Two to three million years ago, the functional loss of a single gene triggered a series of significant changes in what would eventually become the modern human species, altering everything from fertility rates to increasing cancer risk from eating red meat.
In a new paper, published in the September 12 issue of the Proceedings of the Royal Society B, researchers at University of California San Diego School of Medicine report on studies of mice engineered to lack the same gene, called CMAH, and resulting data that suggest the lost gene may also have contributed to humanity’s well-documented claim to be among the best long-distance runners in the animal kingdom.
At roughly the same time as the CMAH mutation took hold, human ancestors were transitioning from forest dwellers to life primarily upon the arid savannahs of Africa. While they were already walking upright, the bodies and abilities of these early hominids were evolving dramatically, in particular major changes in skeletal biomechanics and physiology that resulted in long, springy legs, big feet, powerful gluteal muscles and an expansive system of sweat glands able to dissipate heat much more effectively than other larger mammals.

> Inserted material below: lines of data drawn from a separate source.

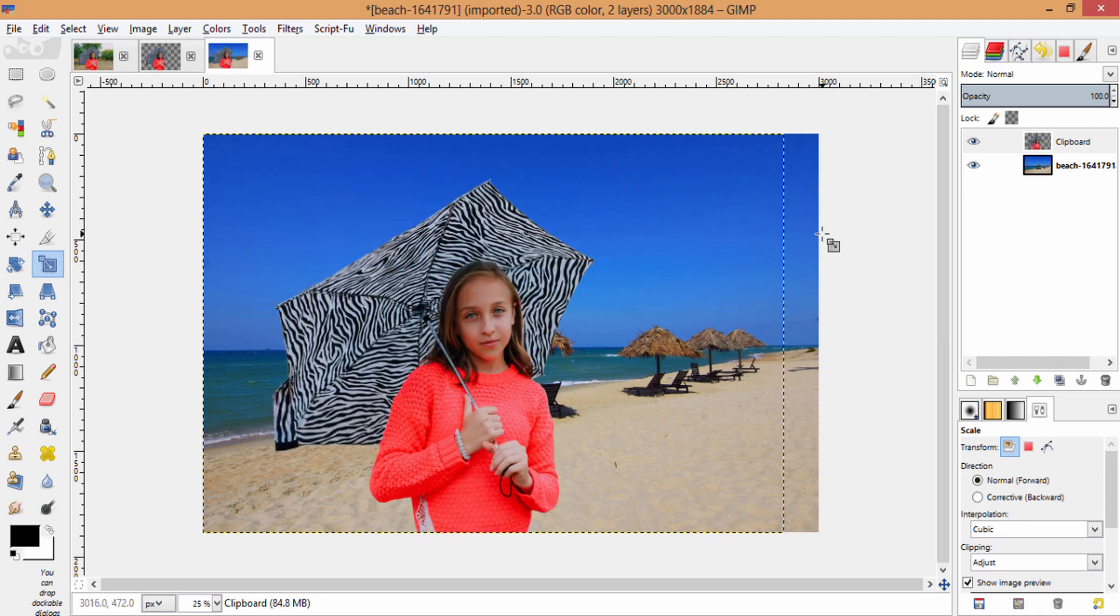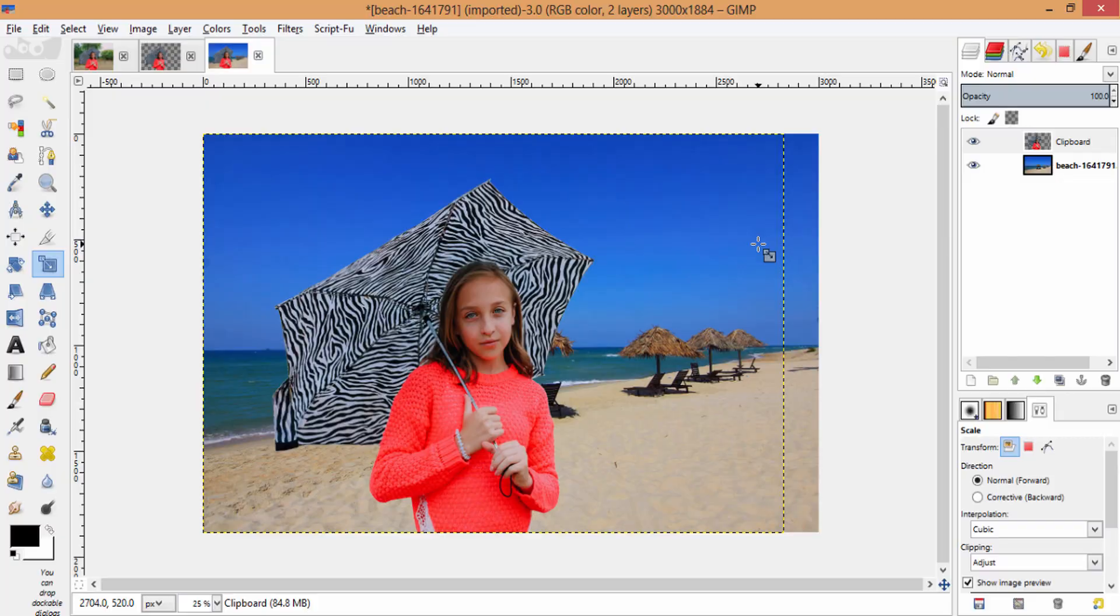So, that's it guys. This is the way to remove background and change the background of the image. Thanks for watching. Make sure to subscribe to this channel for more GIMP tutorials. Bye.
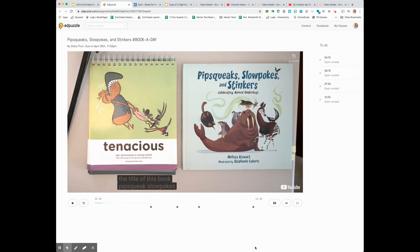Remember, come to tech support office hours if you need help on this Ed Puzzle. See you next time. Bye.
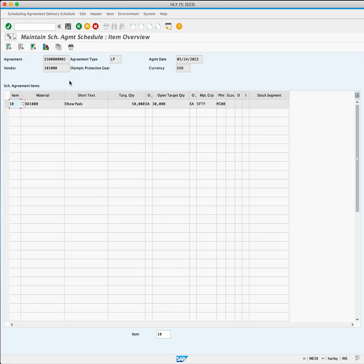Looking at the target quantity field, you see 50,000, but now that you have scheduled two deliveries, the open target quantity is 30,000. You are now ready to save. Click Save.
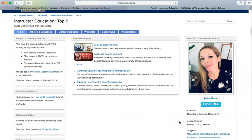A research guide is a great starting place for you to begin your research and help you find relevant library resources. Feel free to explore your research guide and see what you can find.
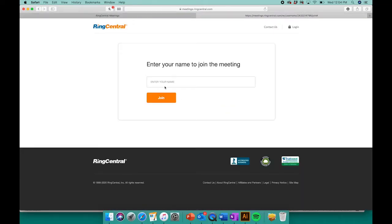To join from your browser, go ahead and click join from browser, enter your name, and then click join.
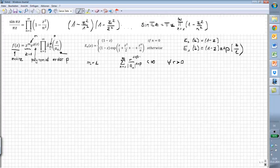We find the minimal number p for which this kind of convergence is given, and very importantly these are the non-zero zeros of f. So this is what we want to do: we want to use Hadamard's factorization theorem in order to prove this very great theorem.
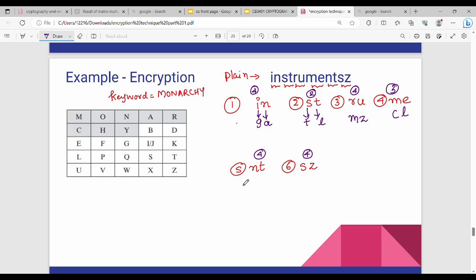Next, M and E — same column, same column is rule number 3. So M is C, E is L. Next, N and T — different row, different column, intersection is R, Q. So N row is R, T row is Q. Then S, Z — this intersection is T and X, so S row is T, Z row is X.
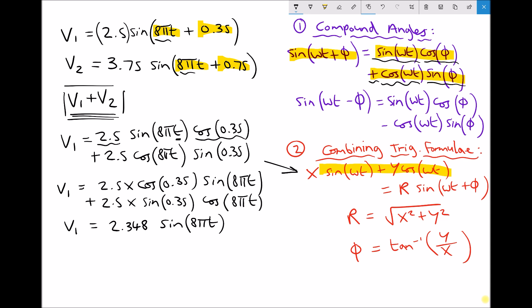It's worth reinforcing here that your calculator must be in radians, because we're working in radians. Adding to that, 2.5 × sin(0.35) comes out to be 0.857 to three decimal places, and this time we have cos(8πt). So v1 is expressed in the required form, with x = 2.348 representing the coefficient of sin(8πt) and y = 0.857 representing the coefficient of cos(8πt).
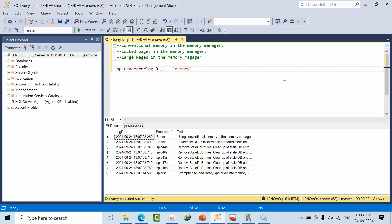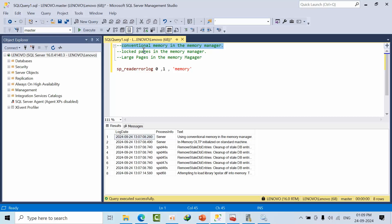Hello friends, today I'm going to show you how to use different kinds of memory managers in SQL Server. By default, when you haven't configured anything, it will use conventional memory manager. We will discuss conventional memory and log pages in detail in another video.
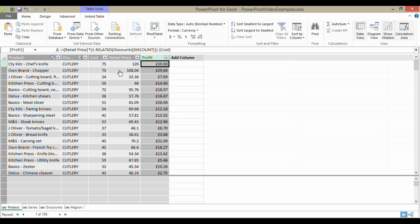So there we are. That's the Related function. It does much the same as VLOOKUP back in normal Excel and enables you to combine information from two tables. It's Chester Tugwell at Blue Pecan Computer Training. Hopefully that's been helpful. Thank you.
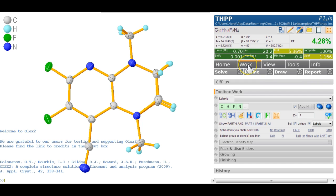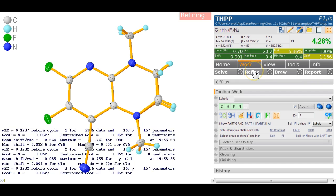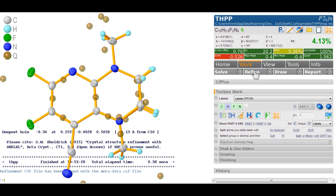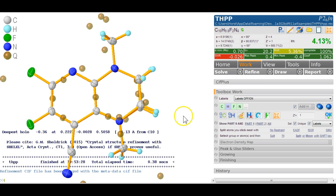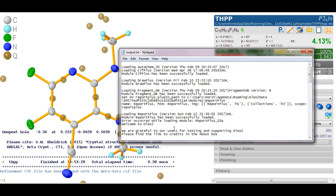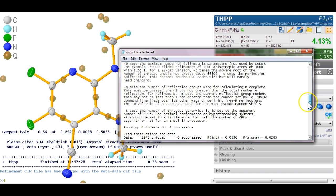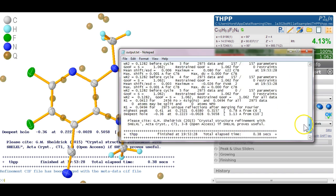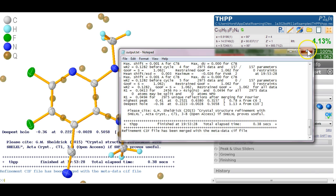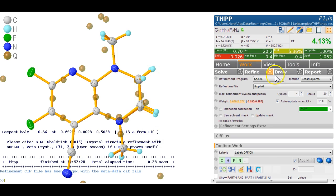Okay, in Olex 2 you click work and refine and it refines. As you can see from the output, you can type text to see the output better in the window. So you see this was a standard ShellX refinement and that's exactly what we did. We set the refinement to ShellXL so that's what we got.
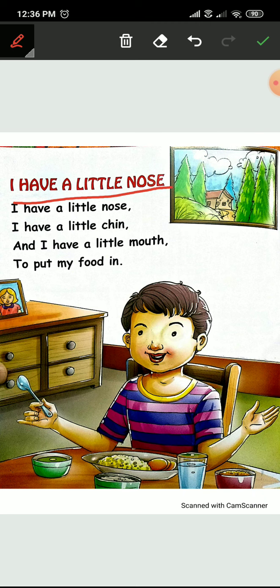Haan, touch your nose all of you. Now tell me, how many noses do we have? Hamare paas kitni nose hai? One. We have one nose. How many? One nose.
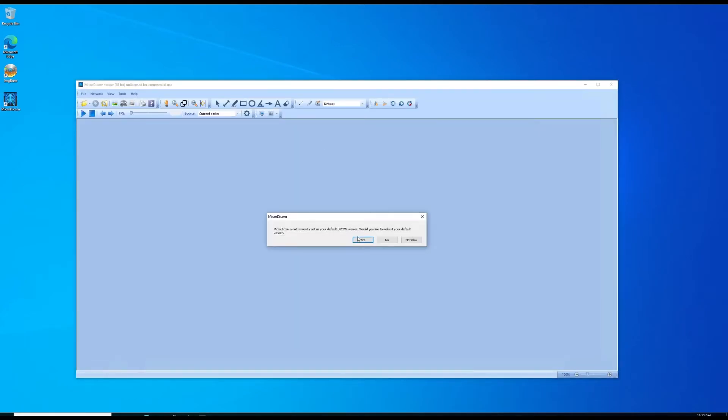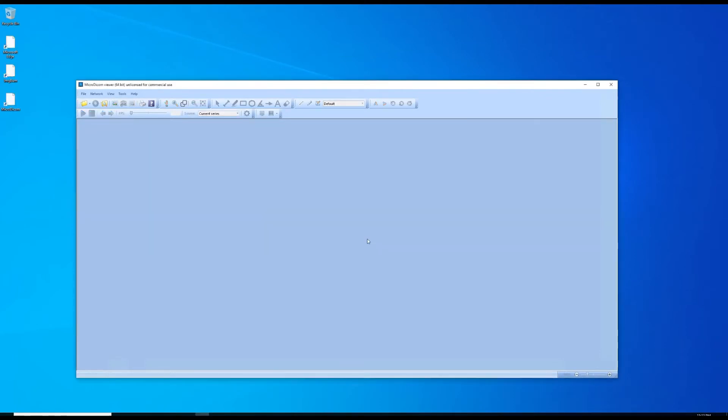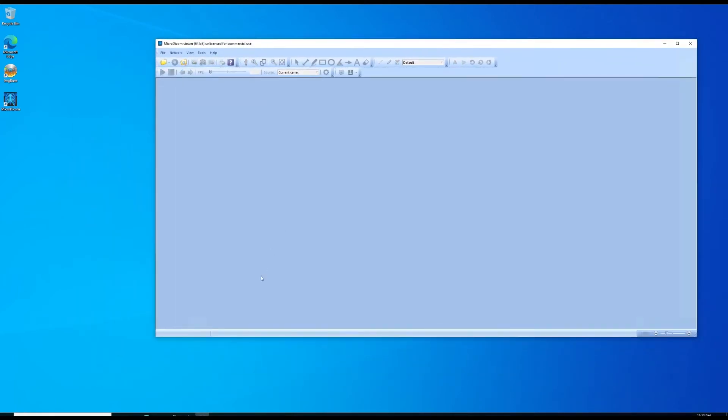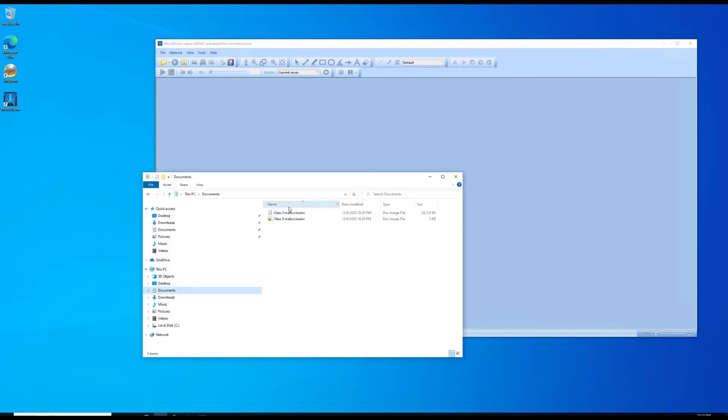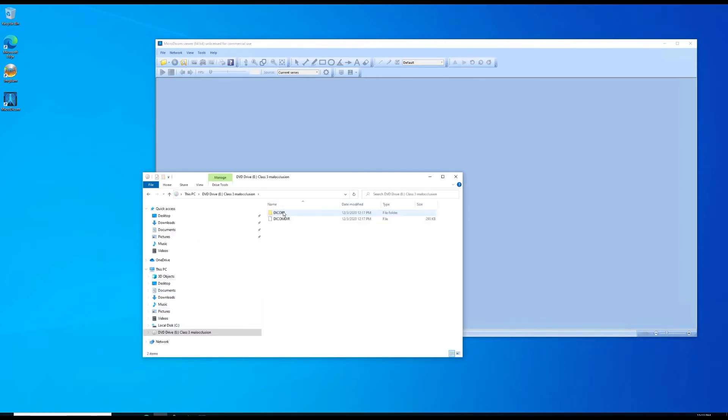MicroDICOM is open. Let me go get that image. It's in my documents folder. Double click it. It mounted as drive letter E.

Such changes, say scientists, helped fuel the emergence of the human ability to run long distances relatively tirelessly, allowing ancestors to hunt in the heat of the day when other carnivores were resting and to pursue prey to their point of exhaustion, a technique called persistence hunting.

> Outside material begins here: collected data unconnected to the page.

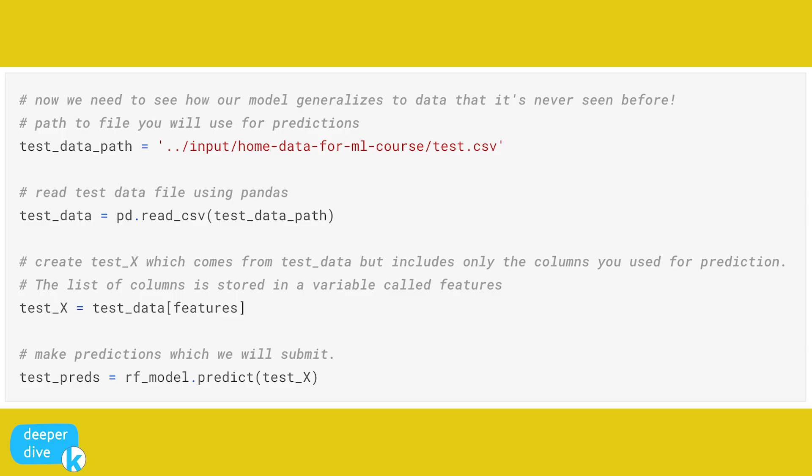So what we need to see is how our model generalizes to data that it's never seen before. So what we've done here is we're going to run our data path, we've got our test data path, we've got our test data, and then we're going to create test_x, which is coming from our test data, but only includes the columns we used for predictions. And just like we did with our validation and training data, we're going to create our features and store them in test_X, and then making predictions. And we'll call that test_preds for predictions. And we'll set that equal to rf_model.predict and run that on test_X. So that's it. We have now run our model to make predictions on a test data set.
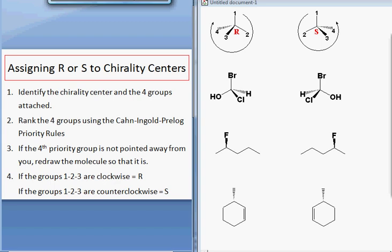This video tutorial is going to explain how to assign R or S designations to chirality centers found in organic molecules. The first step is to identify the chirality center and the four groups attached to it. For example, here we have a carbon with four different groups that are numbered.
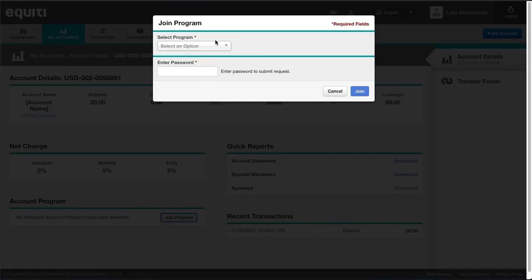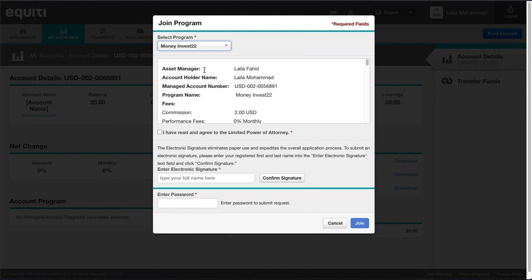Select the program name. Make sure to read the full limited power of attorney and details.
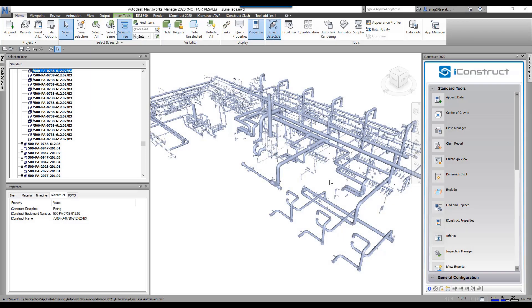The Find and Replace tool allows you to go in and find a property or property value inside Navisworks on a user-defined tab and change the value.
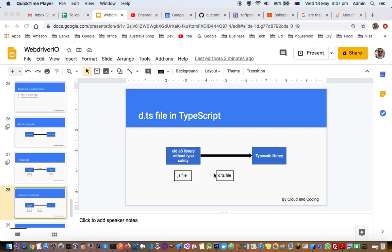With that, your old JS library will become typesafe, which will boost your development time. You'll make fewer mistakes, and that's the main benefit of using types and TypeScript in your code.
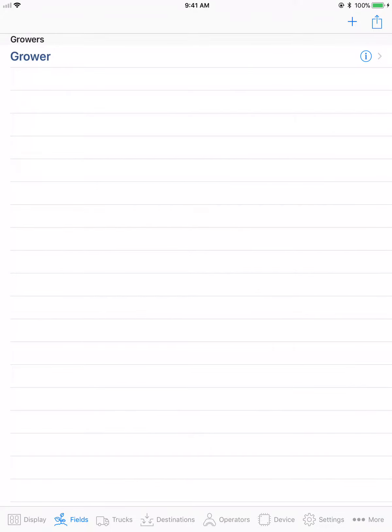Harvest data can be exported out of the app through email either at the grower level or at the field level.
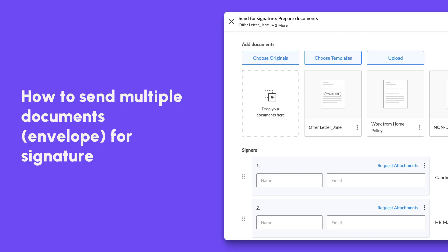Sineasy allows you to bundle multiple templates and documents when sending out a signature request. In this video, let's see how to request signature using multiple documents.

“We discovered this first clear genetic difference between humans and our closest living evolutionary relatives, the chimpanzees, more than 20 years ago,” said senior author Ajit Varki, MD, Distinguished Professor of Medicine and Cellular and Molecular Medicine at UC San Diego School of Medicine and co-director of the UC San Diego/Salk Center for Academic Research and Training in Anthropogeny.
Given the approximate timing of the mutation and its documented impact on fertility in a mouse model with the same mutation, Varki and Pascal Gagneux, Ph.D., professor of anthropology and pathology, began investigating how the genetic difference might have contributed to the origin of Homo, the genus that includes modern Homo sapiens and extinct species like Homo habilis and Homo erectus.
“Since the mice were also more prone to muscle dystrophy, I had a hunch that there was a connection to the increased long distance running and endurance of Homo,” said Varki, “but I had no expertise on the issue and could not convince anyone in my lab to organize this long-shot experiment.”